▶ **WHAT TO DO**:
All of the data below is to be copied again without changes.

▶ **SOURCE DATA**:
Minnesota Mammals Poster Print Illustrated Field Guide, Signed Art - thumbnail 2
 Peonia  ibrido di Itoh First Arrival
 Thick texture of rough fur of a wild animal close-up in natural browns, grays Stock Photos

▶ **TASK ANSWER**:
Minnesota Mammals Poster Print Illustrated Field Guide, Signed Art - thumbnail 2
 Peonia  ibrido di Itoh First Arrival
 Thick texture of rough fur of a wild animal close-up in natural browns, grays Stock Photos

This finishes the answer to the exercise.